The association of image features to gene expression is rather challenging this can be partly explained by the fact that individual image features may be associated to complex combinations of genomic expressions. During the feature extraction process, we intended to capture several aspects of the signal distribution and parenchymal texture of the mammograms to increase the likelihood of correlation. Through multivariate analysis we were able to build mammography-based models with substantial agreement to validated gene signatures. Most of the considered aspects included in models suggest that tumor characterization requires multiple features representing different characteristics of the image. In addition, we observed that features in models were not necessarily the top ranked in a univariate analysis suggesting that a simple model combining top univariate features in not obvious supporting the use of more sophisticated methods to generate an image signature. Thus, a reasonable approach to capture tumor behavior complexity is through radiomic multivariate analysis. Nevertheless, multivariate analyses increase the space of solutions rising the risk of overfitting. To avoid this, we used 100 rounds of stringent cross-validations and also employed the contralateral images as a negative control.

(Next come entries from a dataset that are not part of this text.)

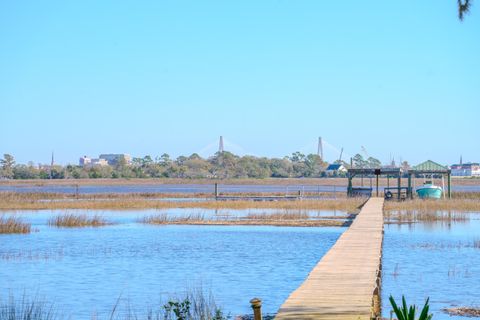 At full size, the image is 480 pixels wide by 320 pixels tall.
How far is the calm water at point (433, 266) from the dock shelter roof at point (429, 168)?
60.7 feet

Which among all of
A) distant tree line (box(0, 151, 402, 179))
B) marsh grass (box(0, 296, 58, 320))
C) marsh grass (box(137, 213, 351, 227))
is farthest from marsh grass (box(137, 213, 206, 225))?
distant tree line (box(0, 151, 402, 179))

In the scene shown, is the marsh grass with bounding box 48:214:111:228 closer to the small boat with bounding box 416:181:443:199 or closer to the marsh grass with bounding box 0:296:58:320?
the marsh grass with bounding box 0:296:58:320

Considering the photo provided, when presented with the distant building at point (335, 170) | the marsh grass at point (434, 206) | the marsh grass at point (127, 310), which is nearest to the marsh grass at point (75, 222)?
the marsh grass at point (434, 206)

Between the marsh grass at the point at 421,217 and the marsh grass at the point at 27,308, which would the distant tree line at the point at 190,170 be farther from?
the marsh grass at the point at 27,308

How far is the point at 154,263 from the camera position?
2489cm

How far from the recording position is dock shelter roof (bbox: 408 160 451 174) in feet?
182

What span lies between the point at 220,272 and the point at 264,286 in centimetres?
289

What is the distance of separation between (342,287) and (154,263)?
11.8 m

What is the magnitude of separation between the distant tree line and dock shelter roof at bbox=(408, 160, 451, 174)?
3772 inches

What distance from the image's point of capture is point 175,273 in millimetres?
A: 22516

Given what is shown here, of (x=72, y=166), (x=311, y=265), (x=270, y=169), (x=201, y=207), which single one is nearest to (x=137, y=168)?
(x=72, y=166)

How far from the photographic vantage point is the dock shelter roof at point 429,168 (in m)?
55.3

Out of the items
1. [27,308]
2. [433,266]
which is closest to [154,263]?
[433,266]

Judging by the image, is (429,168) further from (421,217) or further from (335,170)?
(335,170) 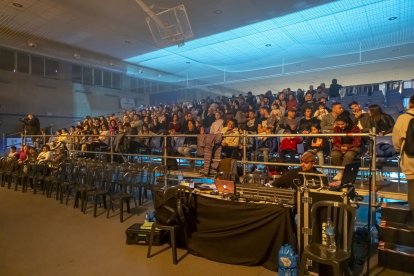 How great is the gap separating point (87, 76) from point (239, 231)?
1522cm

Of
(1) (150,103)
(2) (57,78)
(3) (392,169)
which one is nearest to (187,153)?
(3) (392,169)

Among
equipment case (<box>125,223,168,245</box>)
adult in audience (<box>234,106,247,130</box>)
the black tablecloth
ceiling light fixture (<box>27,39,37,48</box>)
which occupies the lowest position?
equipment case (<box>125,223,168,245</box>)

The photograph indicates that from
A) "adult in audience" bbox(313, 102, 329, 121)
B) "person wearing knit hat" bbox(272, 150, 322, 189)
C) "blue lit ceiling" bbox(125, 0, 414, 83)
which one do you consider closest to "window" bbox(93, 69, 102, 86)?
"blue lit ceiling" bbox(125, 0, 414, 83)

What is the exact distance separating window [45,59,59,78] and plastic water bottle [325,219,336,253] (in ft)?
49.9

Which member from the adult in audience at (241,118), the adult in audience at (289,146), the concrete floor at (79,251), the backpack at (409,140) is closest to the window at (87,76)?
the adult in audience at (241,118)

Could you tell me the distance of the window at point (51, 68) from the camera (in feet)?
46.1

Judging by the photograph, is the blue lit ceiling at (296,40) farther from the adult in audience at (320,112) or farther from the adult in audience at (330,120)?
the adult in audience at (330,120)

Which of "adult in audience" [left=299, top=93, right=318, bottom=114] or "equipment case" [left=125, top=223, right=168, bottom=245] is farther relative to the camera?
"adult in audience" [left=299, top=93, right=318, bottom=114]

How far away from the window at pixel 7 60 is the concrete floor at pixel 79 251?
10.1 meters

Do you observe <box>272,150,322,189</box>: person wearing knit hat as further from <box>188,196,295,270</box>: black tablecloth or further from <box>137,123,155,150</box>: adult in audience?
<box>137,123,155,150</box>: adult in audience

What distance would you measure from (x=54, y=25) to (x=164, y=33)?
4.36 m

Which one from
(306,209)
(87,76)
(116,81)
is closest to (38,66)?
(87,76)

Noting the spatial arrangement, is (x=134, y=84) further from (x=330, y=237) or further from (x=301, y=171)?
(x=330, y=237)

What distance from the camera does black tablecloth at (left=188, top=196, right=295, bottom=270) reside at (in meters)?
2.83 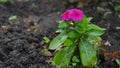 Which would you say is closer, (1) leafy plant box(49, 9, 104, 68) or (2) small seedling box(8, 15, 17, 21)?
(1) leafy plant box(49, 9, 104, 68)

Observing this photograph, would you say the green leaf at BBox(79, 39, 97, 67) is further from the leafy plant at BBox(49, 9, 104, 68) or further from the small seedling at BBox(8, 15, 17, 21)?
the small seedling at BBox(8, 15, 17, 21)

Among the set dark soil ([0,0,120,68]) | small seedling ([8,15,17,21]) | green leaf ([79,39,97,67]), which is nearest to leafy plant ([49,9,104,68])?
green leaf ([79,39,97,67])

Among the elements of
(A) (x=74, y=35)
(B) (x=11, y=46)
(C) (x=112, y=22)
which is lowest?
(C) (x=112, y=22)

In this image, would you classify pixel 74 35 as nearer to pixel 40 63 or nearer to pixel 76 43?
pixel 76 43

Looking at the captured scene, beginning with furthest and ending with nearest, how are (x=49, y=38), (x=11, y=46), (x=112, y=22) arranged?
(x=112, y=22)
(x=49, y=38)
(x=11, y=46)

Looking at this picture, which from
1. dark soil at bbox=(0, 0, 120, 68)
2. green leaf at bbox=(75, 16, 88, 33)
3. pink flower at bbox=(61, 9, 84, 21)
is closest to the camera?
pink flower at bbox=(61, 9, 84, 21)

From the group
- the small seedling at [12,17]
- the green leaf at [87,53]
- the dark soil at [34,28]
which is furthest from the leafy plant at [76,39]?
the small seedling at [12,17]

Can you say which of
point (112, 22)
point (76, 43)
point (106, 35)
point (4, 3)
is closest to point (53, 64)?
point (76, 43)

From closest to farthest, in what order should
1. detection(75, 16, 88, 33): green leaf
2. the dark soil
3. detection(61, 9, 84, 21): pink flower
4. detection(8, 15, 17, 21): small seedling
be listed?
detection(61, 9, 84, 21): pink flower, detection(75, 16, 88, 33): green leaf, the dark soil, detection(8, 15, 17, 21): small seedling
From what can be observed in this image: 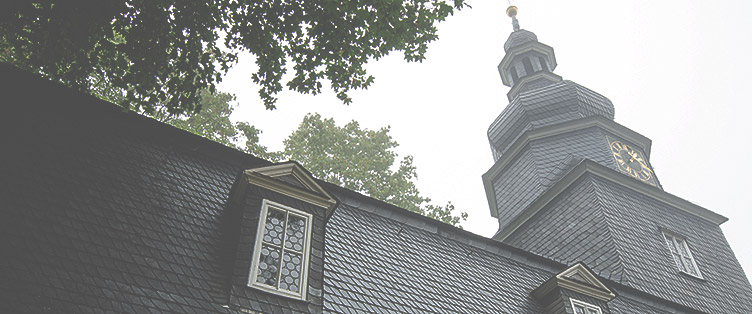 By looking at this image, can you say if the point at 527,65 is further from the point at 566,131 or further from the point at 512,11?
the point at 566,131

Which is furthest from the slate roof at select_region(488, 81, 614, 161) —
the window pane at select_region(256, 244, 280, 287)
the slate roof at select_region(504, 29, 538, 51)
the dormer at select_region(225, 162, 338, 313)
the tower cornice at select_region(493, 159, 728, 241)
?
the window pane at select_region(256, 244, 280, 287)

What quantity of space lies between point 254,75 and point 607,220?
38.9ft

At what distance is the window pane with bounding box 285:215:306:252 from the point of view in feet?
25.9

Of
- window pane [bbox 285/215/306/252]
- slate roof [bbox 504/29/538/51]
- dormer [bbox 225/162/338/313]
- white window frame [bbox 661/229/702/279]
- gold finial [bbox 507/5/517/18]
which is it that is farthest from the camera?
gold finial [bbox 507/5/517/18]

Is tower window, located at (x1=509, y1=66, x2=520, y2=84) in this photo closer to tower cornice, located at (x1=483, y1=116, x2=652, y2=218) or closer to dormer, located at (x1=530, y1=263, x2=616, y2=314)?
tower cornice, located at (x1=483, y1=116, x2=652, y2=218)

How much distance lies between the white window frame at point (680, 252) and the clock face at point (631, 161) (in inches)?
111

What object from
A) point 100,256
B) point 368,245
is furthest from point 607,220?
point 100,256

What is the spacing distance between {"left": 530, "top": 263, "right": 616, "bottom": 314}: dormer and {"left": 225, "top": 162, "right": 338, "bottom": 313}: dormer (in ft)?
14.6

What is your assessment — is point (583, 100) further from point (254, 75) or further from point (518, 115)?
point (254, 75)

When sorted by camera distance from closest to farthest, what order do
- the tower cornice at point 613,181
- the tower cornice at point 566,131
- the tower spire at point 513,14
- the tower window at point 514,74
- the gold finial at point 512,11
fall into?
1. the tower cornice at point 613,181
2. the tower cornice at point 566,131
3. the tower window at point 514,74
4. the tower spire at point 513,14
5. the gold finial at point 512,11

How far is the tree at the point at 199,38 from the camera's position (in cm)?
786

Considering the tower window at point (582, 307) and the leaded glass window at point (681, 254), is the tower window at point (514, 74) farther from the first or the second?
the tower window at point (582, 307)

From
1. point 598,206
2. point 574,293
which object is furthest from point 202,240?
point 598,206

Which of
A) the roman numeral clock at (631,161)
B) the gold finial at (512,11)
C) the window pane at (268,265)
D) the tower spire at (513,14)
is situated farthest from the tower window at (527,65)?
the window pane at (268,265) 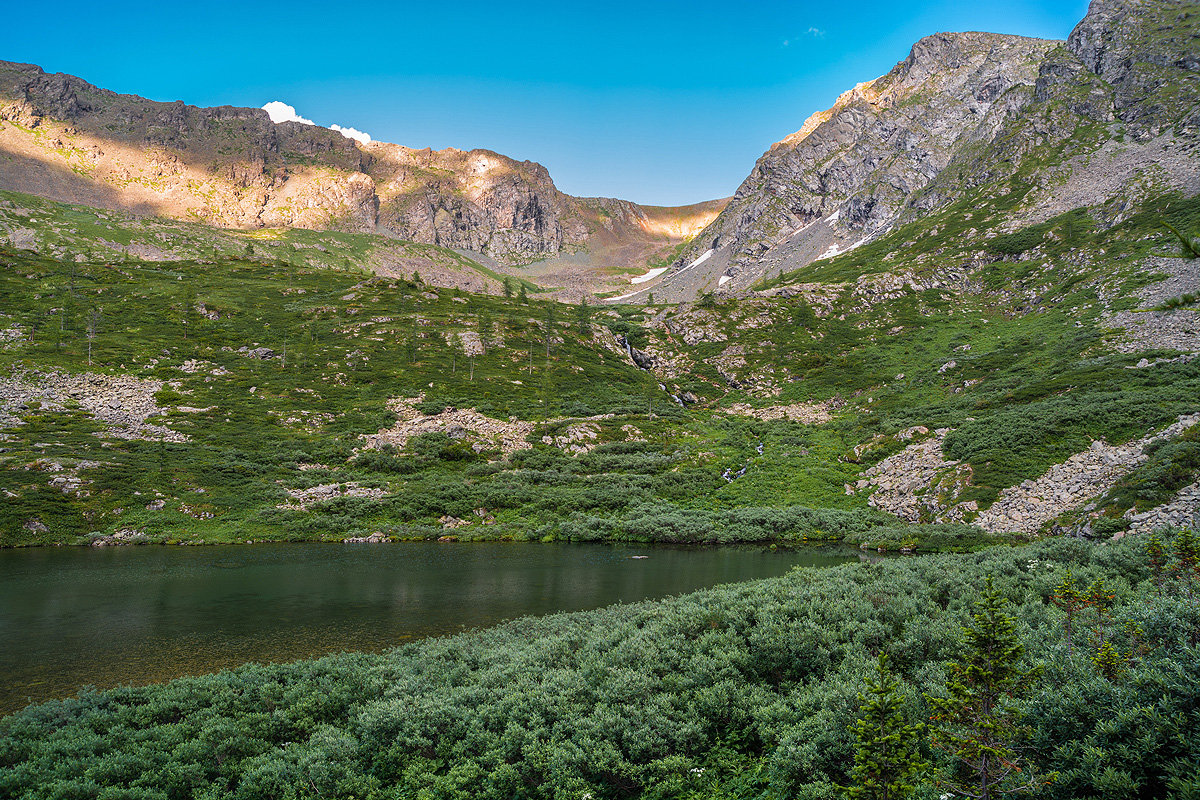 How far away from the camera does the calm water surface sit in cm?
2436

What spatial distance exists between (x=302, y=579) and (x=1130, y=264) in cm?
13507

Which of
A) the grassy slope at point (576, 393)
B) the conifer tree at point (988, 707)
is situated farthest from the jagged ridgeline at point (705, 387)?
the conifer tree at point (988, 707)

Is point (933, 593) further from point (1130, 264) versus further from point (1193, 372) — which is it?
point (1130, 264)

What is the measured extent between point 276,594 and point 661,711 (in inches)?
1235

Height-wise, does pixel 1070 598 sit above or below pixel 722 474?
above

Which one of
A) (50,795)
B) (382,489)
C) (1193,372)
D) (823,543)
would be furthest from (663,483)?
(50,795)

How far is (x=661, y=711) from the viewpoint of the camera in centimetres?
1319

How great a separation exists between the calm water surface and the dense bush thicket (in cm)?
916

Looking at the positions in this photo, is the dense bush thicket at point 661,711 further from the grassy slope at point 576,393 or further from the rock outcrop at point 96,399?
the rock outcrop at point 96,399

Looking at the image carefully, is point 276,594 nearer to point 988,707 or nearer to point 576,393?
point 988,707

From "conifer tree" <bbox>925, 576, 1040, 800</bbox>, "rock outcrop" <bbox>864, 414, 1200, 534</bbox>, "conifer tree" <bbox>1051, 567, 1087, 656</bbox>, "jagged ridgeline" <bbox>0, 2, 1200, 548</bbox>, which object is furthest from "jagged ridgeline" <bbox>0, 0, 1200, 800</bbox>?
"jagged ridgeline" <bbox>0, 2, 1200, 548</bbox>

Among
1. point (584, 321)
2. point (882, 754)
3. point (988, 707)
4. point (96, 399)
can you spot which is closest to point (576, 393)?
point (584, 321)

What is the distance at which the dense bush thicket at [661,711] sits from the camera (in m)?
7.70

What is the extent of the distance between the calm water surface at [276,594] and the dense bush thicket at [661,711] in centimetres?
916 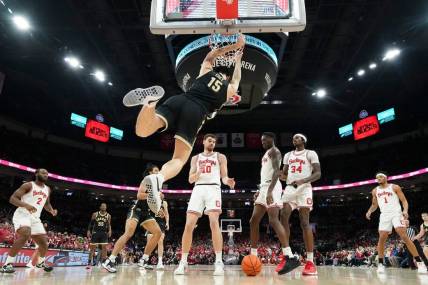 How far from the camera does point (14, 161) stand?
2473cm

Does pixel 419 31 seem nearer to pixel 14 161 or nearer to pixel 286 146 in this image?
pixel 286 146

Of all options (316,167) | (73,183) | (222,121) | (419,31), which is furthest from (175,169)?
(222,121)

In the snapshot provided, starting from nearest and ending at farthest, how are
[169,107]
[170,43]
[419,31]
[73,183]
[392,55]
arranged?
[169,107], [170,43], [419,31], [392,55], [73,183]

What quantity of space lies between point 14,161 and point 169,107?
80.9ft

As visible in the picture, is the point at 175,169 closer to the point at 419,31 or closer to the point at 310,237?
the point at 310,237

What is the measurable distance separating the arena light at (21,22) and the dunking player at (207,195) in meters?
13.1

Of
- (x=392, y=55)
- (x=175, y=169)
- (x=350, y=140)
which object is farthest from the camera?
(x=350, y=140)

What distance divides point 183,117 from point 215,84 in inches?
26.8

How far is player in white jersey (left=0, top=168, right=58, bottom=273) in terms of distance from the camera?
5.96 m

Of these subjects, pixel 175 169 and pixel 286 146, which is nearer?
pixel 175 169

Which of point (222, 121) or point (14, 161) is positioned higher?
point (222, 121)

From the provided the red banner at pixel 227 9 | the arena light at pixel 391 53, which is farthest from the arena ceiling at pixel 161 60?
the red banner at pixel 227 9

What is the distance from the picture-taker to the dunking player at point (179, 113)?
380cm

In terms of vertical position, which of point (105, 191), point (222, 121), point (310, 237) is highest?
point (222, 121)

The associations found of image features to molecular signatures were mainly based on texture features (fractals and wavelets) supporting the findings of previous CAD studies that have shown different patterns between normal breast tissue and tumors [3641]. Although texture features using wavelets have been explored for breast cancer diagnosis [42,43], to our knowledge, this is the first time that wavelets features have been successfully used to predict recurrence risk. Furthermore this study support the reports that have associated image features with the risk of recurrence on ductal carcinoma in situ [44] and that molecular risk subtypes can be differentiated by imaging [45]. We used features composed of the sum of both views (CC+MLO) and their absolute difference (|CC-MLO|) after reducing background from the tumor ROI. Both types of features were found in most frequently selected features in both risk predictors. This implies that both views are important and that more complex relationships and transformations of the values from CC and MLO and novel features could improve the correlations.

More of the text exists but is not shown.